» **The problem**
From the listing below, reproduce word for word the part that opens with the line containing "WhatsApp kan worden" and closes with the line containing "Image 1 of Coppia"; reproduce nothing else.

╭─ The records

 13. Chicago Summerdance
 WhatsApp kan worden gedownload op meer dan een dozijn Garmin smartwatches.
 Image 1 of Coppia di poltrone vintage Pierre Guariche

╰─
╭─ The records

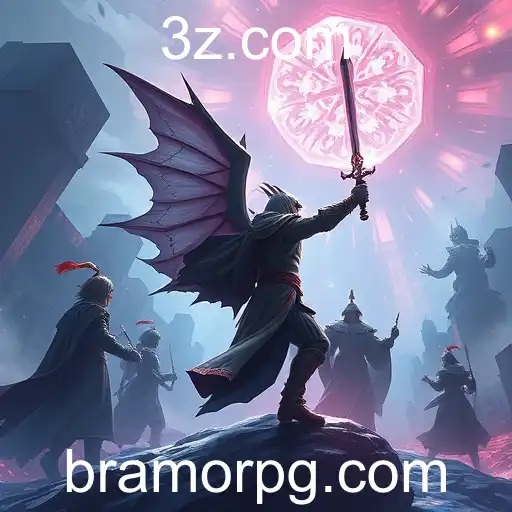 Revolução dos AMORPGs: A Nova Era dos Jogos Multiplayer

╰─

» **Result below**
 WhatsApp kan worden gedownload op meer dan een dozijn Garmin smartwatches.
 Image 1 of Coppia di poltrone vintage Pierre Guariche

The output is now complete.